[Data supplied]
===============

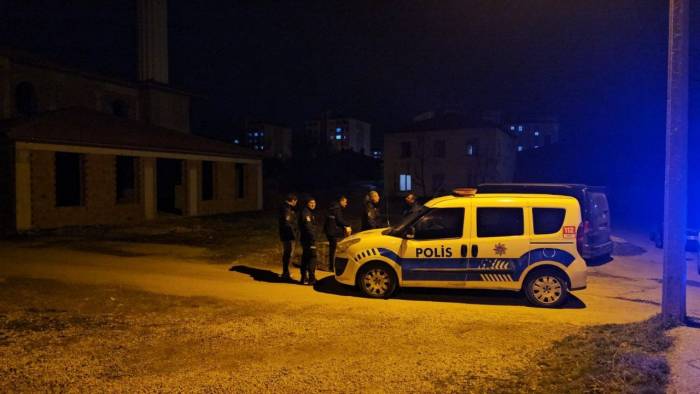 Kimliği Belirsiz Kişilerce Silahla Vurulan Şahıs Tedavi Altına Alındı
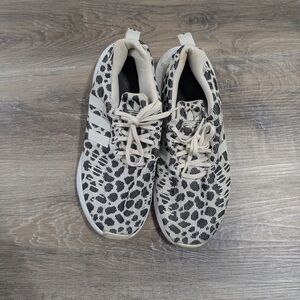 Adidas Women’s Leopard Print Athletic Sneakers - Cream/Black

===============

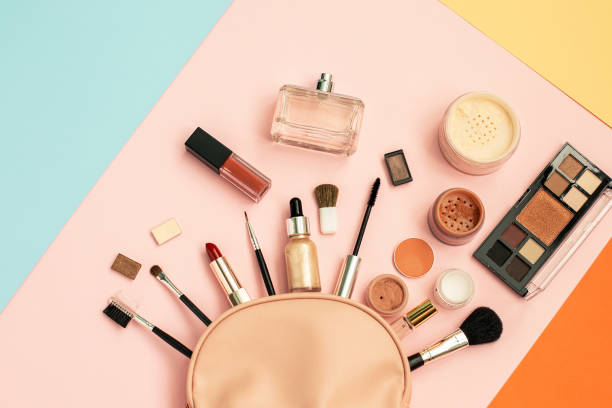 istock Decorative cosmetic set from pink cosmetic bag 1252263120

===============

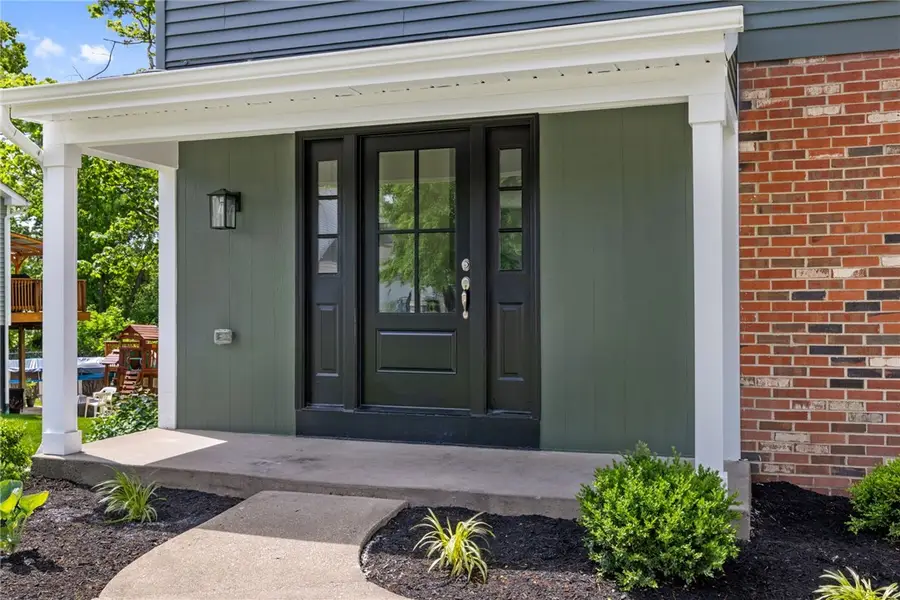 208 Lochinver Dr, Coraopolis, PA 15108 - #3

===============

Using the records above, repeat exactly the run of lines that starts with the line with "Kimliği Belirsiz Kişilerce" and goes on through the line with "Adidas Women’s Leopard"; omit each picture.

[Answer to the problem]
 Kimliği Belirsiz Kişilerce Silahla Vurulan Şahıs Tedavi Altına Alındı
 Adidas Women’s Leopard Print Athletic Sneakers - Cream/Black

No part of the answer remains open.